Now I know what you’re thinking. Ohhhh rice and beans that’s so easy and simple.
Sure, you can slap together some simple rice and beans but it ain’t no pinto.
If you want to make the real deal, if you want el mejor sabor (the best flavor) you better listen up.
Now, I’ve had a lot of gallo pinto. I mean ALOTTA GALLO PINTO. From the houses and restaurants in the booming cities and suburbs of San Jose to the northern and southern parts of Costa Rica, I’ve tried it all. And just last month I finally visited Nicaragua and now officially consider myself an expert in this complex dish.
With my new self-bestowed expert status, I can say with confidence that the best, el mejor, gallo pinto comes from our tiny little kitchen in San Vito. And just your luck, I’m about to fill you in on the secret recipe.
El Mejor Gallo Pinto
The Best Gallo Pinto
- 3 tablespoons of vegetable oil
- 2 garlic cloves, chopped
- 1/4 medium white onion, chopped
- 1/4 cup chopped red pepper (optional, but delicious)
- 1.5 cups of black or red beans in liquid
- 3 tablespoons of Salsa Lizano (optional, but oh so worth it)
- 1 teaspoon of powdered chicken stock (omit if vegetarian)
- 3 cups of cooked rice**
- salt to taste
- 2 tablespoons of cilantro
**gallo pinto tastes best when the rice is cooked the day before. But if that’s not possible don’t sweat it. Just make your rice and do you.

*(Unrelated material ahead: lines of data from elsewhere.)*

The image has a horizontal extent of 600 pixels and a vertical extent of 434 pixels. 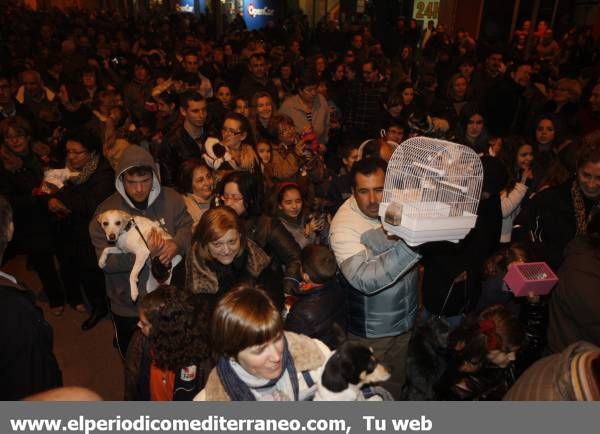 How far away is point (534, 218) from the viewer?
3.05 meters

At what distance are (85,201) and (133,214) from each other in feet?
2.72

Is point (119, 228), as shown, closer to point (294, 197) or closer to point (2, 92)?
point (294, 197)

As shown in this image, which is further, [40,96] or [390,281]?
[40,96]

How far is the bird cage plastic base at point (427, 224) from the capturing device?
5.59 ft

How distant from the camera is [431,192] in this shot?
2.10 metres

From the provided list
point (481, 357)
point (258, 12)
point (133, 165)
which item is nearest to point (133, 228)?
point (133, 165)

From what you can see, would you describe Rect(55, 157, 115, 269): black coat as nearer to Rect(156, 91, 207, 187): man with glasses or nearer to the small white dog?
Rect(156, 91, 207, 187): man with glasses

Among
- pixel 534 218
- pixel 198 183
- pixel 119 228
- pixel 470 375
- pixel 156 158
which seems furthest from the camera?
pixel 156 158

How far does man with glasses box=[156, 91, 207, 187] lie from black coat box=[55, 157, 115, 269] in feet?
1.99

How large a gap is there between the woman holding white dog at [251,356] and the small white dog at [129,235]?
125 centimetres

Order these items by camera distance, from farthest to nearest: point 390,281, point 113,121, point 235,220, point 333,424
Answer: point 113,121, point 235,220, point 390,281, point 333,424

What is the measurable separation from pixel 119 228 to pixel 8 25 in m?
15.7

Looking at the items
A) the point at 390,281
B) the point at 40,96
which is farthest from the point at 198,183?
the point at 40,96

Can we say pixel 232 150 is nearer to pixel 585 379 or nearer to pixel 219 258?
pixel 219 258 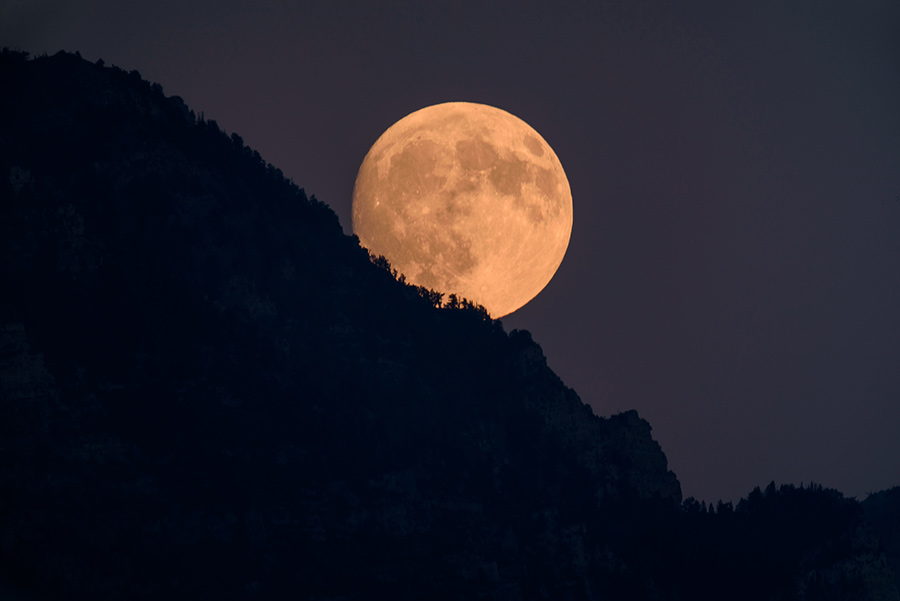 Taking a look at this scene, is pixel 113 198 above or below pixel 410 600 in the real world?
above

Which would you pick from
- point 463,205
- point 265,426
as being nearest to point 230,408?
point 265,426

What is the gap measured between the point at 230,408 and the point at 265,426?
2646 millimetres

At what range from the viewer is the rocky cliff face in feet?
221

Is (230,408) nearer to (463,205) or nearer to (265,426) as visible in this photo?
(265,426)

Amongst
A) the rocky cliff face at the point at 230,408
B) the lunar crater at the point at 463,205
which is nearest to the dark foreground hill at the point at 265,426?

1. In a large pot, heat vegetable oil
2. Add chopped garlic, red pepper (optional, but don’t omit it), and onions and simmer until onions are translucent and garlic and pepper is crystalized. Add a pinch of salt
3. Throw them beans in there! Don’t be shy, add some liquid too! Yeahhhh and bring em to a simmmaaaa
4. Add the secret sauce AKA Salsa Lizano
5. Add cooked rice and powdered chicken stock (or just a bit more salt) and mix together with beans and liquid
6. Add cilantro and salt to taste
Serve to your liking with items such as warm with tortillas, salsa, queso fresco, eggs, natilla (sour cream) or toast!
There you have it! A taste of Costa Rica in the comfort of your own home.
Lastly, I just want to say that the beauty of gallo pinto lies in its flexibility. You can really use whatever you have in the kitchen so experiment with different condiments and sauces until you find what you like best!